L’Europa è ancora un punto di
riferimento per giovani aspiranti artisti cinesi che continuamente invadono le
accademie d’arte delle principali città europee, per investire, anche sotto la
spinta dei genitori, in una formazione che in patria sarebbe molto diversa. E
poi è sempre un punto in più sul proprio curriculum per diventare più competitivi.

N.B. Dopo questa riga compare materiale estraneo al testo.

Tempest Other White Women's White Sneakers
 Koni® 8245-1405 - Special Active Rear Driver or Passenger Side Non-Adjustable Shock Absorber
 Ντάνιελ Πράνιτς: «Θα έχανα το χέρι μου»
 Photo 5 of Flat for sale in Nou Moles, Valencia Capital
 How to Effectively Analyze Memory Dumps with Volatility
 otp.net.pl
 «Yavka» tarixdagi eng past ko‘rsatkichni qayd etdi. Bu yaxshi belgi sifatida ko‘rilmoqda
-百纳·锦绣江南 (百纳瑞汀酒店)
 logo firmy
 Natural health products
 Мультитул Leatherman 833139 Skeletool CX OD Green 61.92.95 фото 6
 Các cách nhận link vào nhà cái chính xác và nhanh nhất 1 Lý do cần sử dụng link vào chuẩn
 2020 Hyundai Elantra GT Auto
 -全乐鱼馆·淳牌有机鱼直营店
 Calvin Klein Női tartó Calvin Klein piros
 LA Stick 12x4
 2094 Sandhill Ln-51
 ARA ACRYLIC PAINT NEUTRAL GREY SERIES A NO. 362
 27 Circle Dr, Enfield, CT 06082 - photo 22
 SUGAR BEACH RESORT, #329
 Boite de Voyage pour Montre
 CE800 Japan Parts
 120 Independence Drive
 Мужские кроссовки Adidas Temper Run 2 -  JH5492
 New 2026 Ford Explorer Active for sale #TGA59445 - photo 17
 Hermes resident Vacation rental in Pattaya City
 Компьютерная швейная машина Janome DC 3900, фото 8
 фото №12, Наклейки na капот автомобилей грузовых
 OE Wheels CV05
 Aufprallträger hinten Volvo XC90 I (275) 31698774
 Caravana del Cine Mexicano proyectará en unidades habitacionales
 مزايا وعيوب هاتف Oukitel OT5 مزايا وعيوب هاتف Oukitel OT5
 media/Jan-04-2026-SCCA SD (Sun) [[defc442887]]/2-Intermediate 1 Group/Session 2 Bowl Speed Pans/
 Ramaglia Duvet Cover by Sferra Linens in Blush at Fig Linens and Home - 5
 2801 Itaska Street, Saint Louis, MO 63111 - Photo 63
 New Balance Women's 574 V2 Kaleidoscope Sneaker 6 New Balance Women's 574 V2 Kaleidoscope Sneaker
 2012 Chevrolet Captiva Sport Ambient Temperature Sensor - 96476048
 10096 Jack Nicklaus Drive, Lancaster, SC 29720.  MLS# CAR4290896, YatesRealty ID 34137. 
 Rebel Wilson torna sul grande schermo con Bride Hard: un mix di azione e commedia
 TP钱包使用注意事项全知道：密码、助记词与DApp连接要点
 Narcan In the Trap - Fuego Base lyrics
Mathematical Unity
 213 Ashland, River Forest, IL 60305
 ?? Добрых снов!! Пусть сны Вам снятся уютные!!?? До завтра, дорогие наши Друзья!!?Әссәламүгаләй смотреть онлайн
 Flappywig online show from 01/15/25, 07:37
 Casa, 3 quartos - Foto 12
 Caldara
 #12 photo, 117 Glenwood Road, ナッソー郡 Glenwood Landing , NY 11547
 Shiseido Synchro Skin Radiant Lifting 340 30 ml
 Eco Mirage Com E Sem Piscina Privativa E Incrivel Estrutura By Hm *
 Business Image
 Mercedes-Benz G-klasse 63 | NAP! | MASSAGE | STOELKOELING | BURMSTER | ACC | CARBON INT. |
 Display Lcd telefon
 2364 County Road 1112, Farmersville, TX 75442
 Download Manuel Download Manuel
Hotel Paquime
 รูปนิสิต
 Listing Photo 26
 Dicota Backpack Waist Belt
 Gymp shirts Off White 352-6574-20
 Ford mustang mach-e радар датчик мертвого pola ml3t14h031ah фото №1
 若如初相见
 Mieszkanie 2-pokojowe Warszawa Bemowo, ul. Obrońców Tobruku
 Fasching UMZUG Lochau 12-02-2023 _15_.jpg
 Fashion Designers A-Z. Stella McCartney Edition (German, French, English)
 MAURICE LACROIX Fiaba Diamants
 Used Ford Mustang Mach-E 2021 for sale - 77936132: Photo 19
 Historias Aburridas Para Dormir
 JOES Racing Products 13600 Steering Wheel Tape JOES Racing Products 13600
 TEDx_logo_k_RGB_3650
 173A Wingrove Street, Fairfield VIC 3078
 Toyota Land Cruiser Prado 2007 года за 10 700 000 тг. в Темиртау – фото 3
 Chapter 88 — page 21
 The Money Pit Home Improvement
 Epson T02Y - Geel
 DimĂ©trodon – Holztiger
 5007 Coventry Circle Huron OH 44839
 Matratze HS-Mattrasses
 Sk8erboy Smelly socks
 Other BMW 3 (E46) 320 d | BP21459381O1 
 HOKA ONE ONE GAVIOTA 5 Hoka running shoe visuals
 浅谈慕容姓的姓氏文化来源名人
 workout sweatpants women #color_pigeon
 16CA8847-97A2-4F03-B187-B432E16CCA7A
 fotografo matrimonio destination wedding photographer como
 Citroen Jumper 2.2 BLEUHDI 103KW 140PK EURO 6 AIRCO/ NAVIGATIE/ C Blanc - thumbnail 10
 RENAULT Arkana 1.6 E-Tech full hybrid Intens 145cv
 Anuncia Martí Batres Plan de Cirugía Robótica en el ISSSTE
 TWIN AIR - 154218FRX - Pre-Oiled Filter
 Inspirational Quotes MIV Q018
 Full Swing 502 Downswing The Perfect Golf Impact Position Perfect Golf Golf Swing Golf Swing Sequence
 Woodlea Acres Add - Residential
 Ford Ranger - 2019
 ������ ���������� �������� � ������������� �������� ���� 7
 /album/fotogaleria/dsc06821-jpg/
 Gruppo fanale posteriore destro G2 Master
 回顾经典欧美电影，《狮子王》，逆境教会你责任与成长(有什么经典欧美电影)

Si pensi al progetto Turandot che permette a studenti stranieri, tra cui anche
cinesi, di frequentare accademie d’arte e di musica in Italia.
Ma cosa vuol dire essere
artisti in un posto dove i parametri sociali, culturali, politici sono tanto
lontani dal proprio paese d’origine? Quanto conta il fattore nazionale nella
produzione artistica una volta fuori dalla propria terra? Sicuramente domande
legittime, infatti grandi sono i problemi di carattere culturale e linguistico.
Un esempio è la limitata conoscenza del francese di Wang Keping, nonostante il
suo lungo periodo di permanenza in Francia.

Per il secondo interrogativo,
basta pensare alla popolarità che l’arte cinese contemporanea riscuote ai grandi appuntamenti internazionali
del settore in tutto il mondo, case d’asta e gallerie occidentali incluse. Pensare
che “sia affascinante” solo perché “cinese” e quindi ridurre il tutto ai
confini territoriali di un popolo, sarebbe riduttivo. Certamente l’identità
culturale ha un peso e può essere motore e/o strumento, punto di partenza per
esprimere qualcosa che trascende una bandiera o una lingua, che risulta
universale, che riguarda le sorti di tutti noi, gli interrogativi, i bisogni
comuni. Per Ma
Desheng, l’arte conta più della nazionalità. Durante un’intervista ha affermato
: “prima sono un pittore, poi un cinese ed infine vivo a Parigi. Per me, non è
cambiato nulla e la mia considerazione dell’arte, neanche. Il cielo è sempre
lì. Certo, ci sono il vento, la neve, le nuvole, ma il cielo e il sole sono
sempre lì. Tra qui e la Cina, cambia la lingua, il cibo è diverso. Ma le radici della
vita sono sempre le stesse. Considera la guerra, per esempio, c’è sempre stata
e le condizioni sono sempre le stesse. L’unica cosa che è cambiata è il
passaggio dalla pietra alle piante, ma fondamentalmente si tratta sempre di un
uomo che uccide un altro uomo”. Le pietre sono un soggetto costante delle tele
di Ma Desheng, poiché “agli albori del mondo, c’erano solo pietre. Non importa
come il mondo cambia, loro rimangono dure”.
Nonostante la crisi economica
e culturale che l’Europa sta affrontando, c’è qualcuno che la ritiene una tappa
importante, per diverse ragioni: chi per la formazione, chi perché il vecchio
continente non conosce censura e offre la possibilità di esprimersi liberamente,
di trovare la propria strada, di seguire il proprio fuoco. Un modello, un
rifugio, una speranza, un’occasione. In tutti i casi, c’è un’opportunità di
riflessione e confronto, anche per “noi”, forse da sfruttare meglio, per
smussare alcuni diffusi preconcetti, stimolare la nostra sensibilità e
curiosità, e creare più momenti di scambio.
Chissà che un giorno studenti
d’arte europei non partano per l’accademia d’arte di Shanghai o di Hangzhou per
frequentare dei corsi d’arte…Impossibile?